Eliot didn’t so much stand as drive himself to his feet through main force, the jagged cut in his leg protesting when he placed weight on it.  He pushed it away and turned to the door (locked, steel, impossible to break down) with a critical eye.  He would need wire, or something else that could pick the lock, or, barring that, something to break the hinges—none of which he had access to. The chair’s heavy wood frame wouldn’t stand up to it, and there was little else in the room.  Ceiling tiles it was, then.  It was a standard industrial building ceiling, plain tiling covering the piping and a crawl space—or rather, a very short gap that could be used as a crawl space if the crawling person was determined enough. Eliot was feeling determined.

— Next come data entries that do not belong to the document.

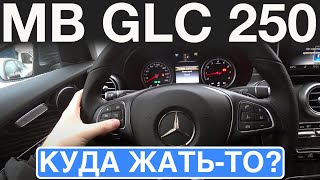Обзор эргономики Mercedes-Benz GLC 250 4Matic (куда жать-то?)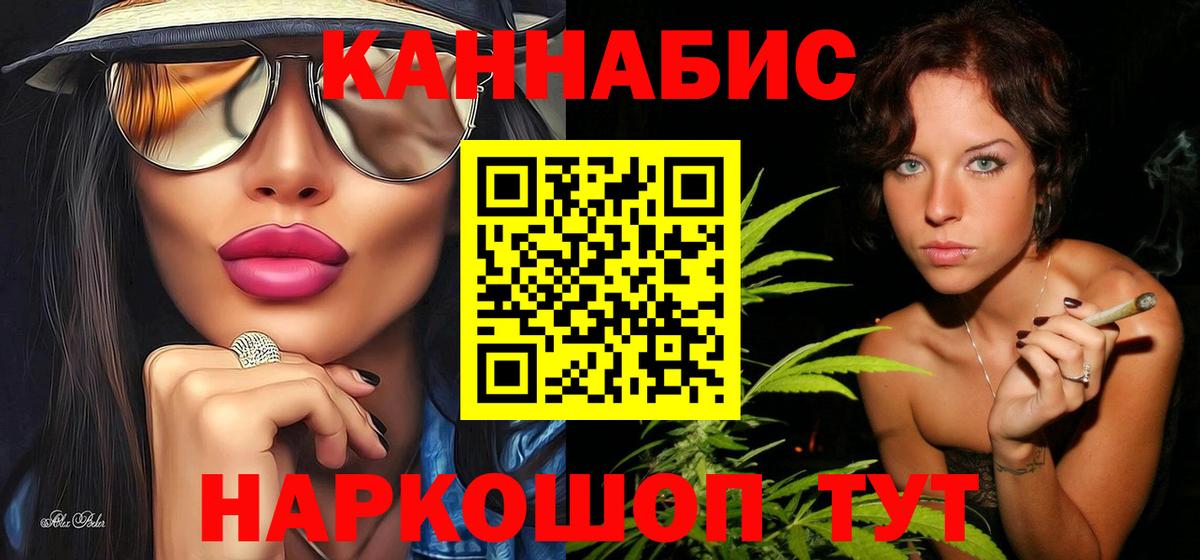 КОКАИН  Вход с VPN  Мефедрон кристаллы  Нягань  ГАШ  ГАШ  ТГК  Бошки Шишки  A-PVP СОЛЬ  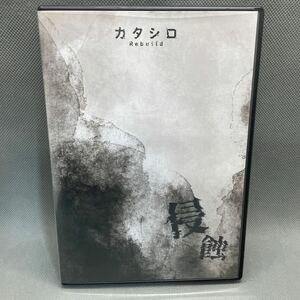 【1円スタート】 舞台 カタシロ Rebuild 侵蝕 Blu-ray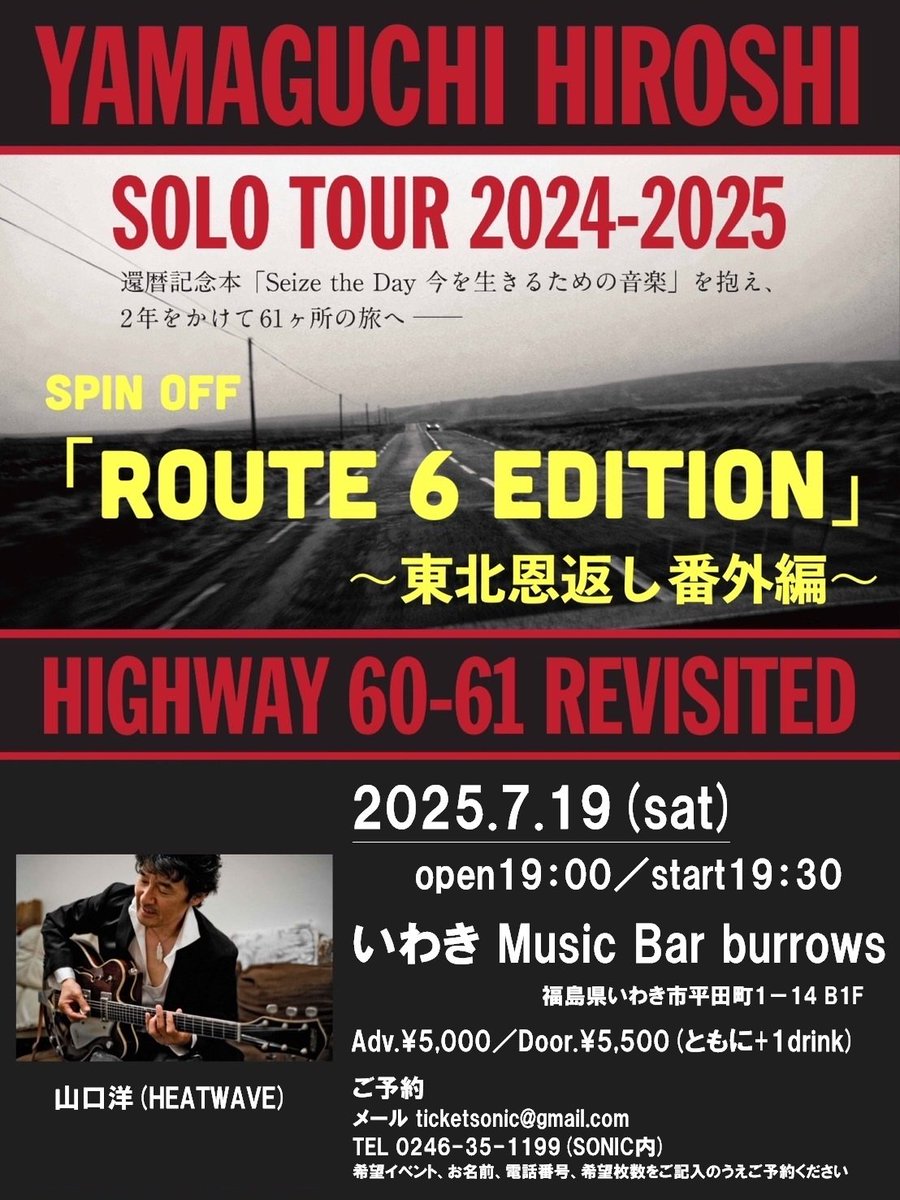 Music Bar burrows on X:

Standing on the arms of the chair offered him just enough height to push the ceiling tile up and over, and then haul himself up after it.  He felt one of his ribs (seventh rib on the right) give with a small snap as he pulled, but once he was stretched over the tiles (sturdier than most, unlikely to give under his weight at once) with no sign of a developing pneumothorax, he decided to ignore it.  He could deal with broken ribs once he had Hardison and Parker safe and intact and out of this place.

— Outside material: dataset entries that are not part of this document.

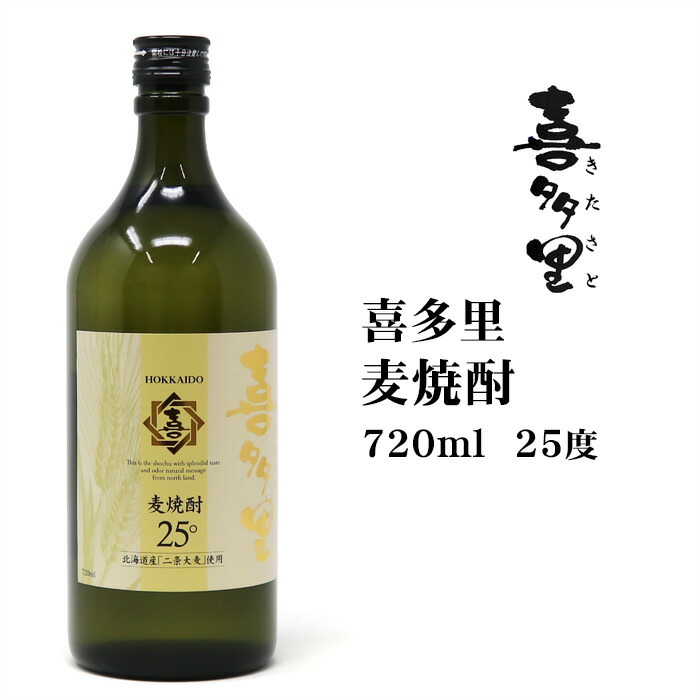 楽天市場】【数量限定】ニセコ蒸溜所 ohoro GIN JAPANESE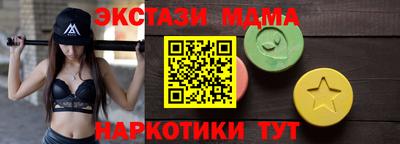 мефедрон мука Рыбинск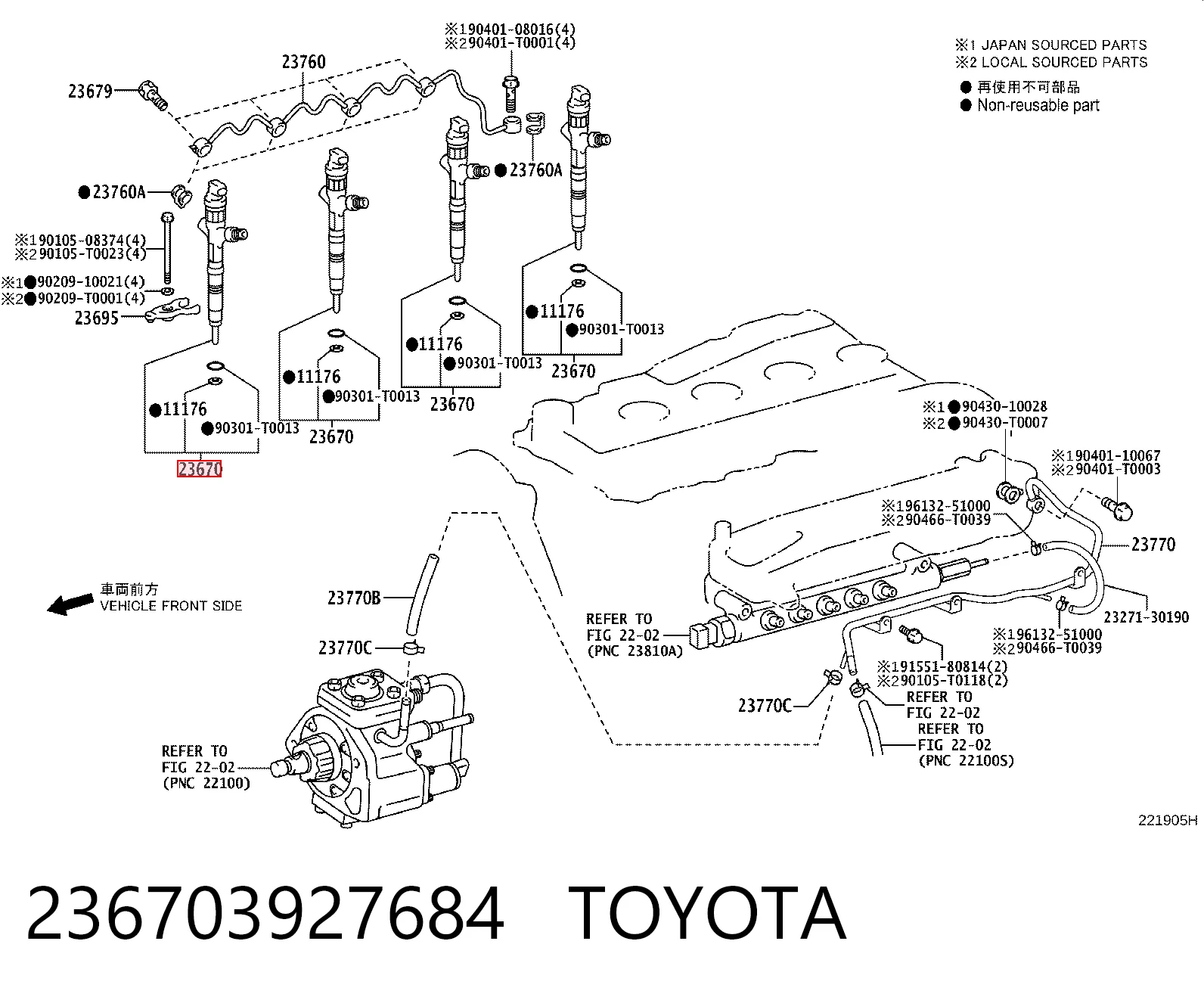 Паливні форсунки 9709500588 Denso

Eliot aimed for the exterior of the door (fifteen feet from start) and crawled, army-style, between the poured concrete of the next floor up and the ceiling tiles. It hurt, miscellaneous grit and dust collecting in his slashed leg and scraped wrists, but it didn’t take long until he could hear a pair of voices below him.  Perfect.  He lifted out another ceiling tile as silently as he could manage and dropped straight onto one of the half-decent hired muscle.

“Holy shit!” the other guy yelped as Eliot took his target to the ground (sharp blow to the head on impact, rendered unconscious, possibility of subdural hematoma, probability of survival: sixty percent). Eliot didn’t respond except to snatch the Glock at his target’s hip (Glock nine mil, standard issue for American law enforcement, most common gun on the market, sticky trigger) and aim directly at the other guy’s chest.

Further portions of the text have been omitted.